Meninas que prosseguem a gravidez podem ter complicações, desde aborto espontâneo até outras decorrentes do próprio estado gravídico, do parto e/ou puerpério. Essas complicações estão entre as cinco principais causas de morte de adolescentes no Brasil (SOF 1997). A esterilização entre adolescentes, em sua maioria causada por complicações de gravidez na adolescências, chegou a 0,4% entre mulheres de 15 a 19 anos. (Folha de S. Paulo 1996b).

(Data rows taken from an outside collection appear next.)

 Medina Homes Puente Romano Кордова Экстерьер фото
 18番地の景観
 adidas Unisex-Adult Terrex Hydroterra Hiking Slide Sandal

Analisemos, a seguir, com mais detalhes esses e outros aspectos biológicos do problema.

A dimensão biológica

Centrando-se no aspecto biológico, de acordo com a Organização Pan-americana de Saúde (OPS 1992), filhos de mães adolescentes têm maior probabilidade de apresentar baixo peso ao nascer, e, conseqüentemente, maior probabilidade de morte, do que os filhos de mães com 20 anos ou mais. A taxa de prematuridade também é mais alta nesse grupo, aumentando o risco de mortalidade perinatal (Beretta 1995). Em São Paulo, de cada mil bebês de mães adolescentes, 70 morrem antes de completar um mês (SOF 1997). Esses riscos se devem, em grande parte, aos fatores biológicos, tais como imaturidade fisiológica e desenvolvimento incompleto da ossatura da pelve feminina e do útero (Beretta 1995; SOF 1997).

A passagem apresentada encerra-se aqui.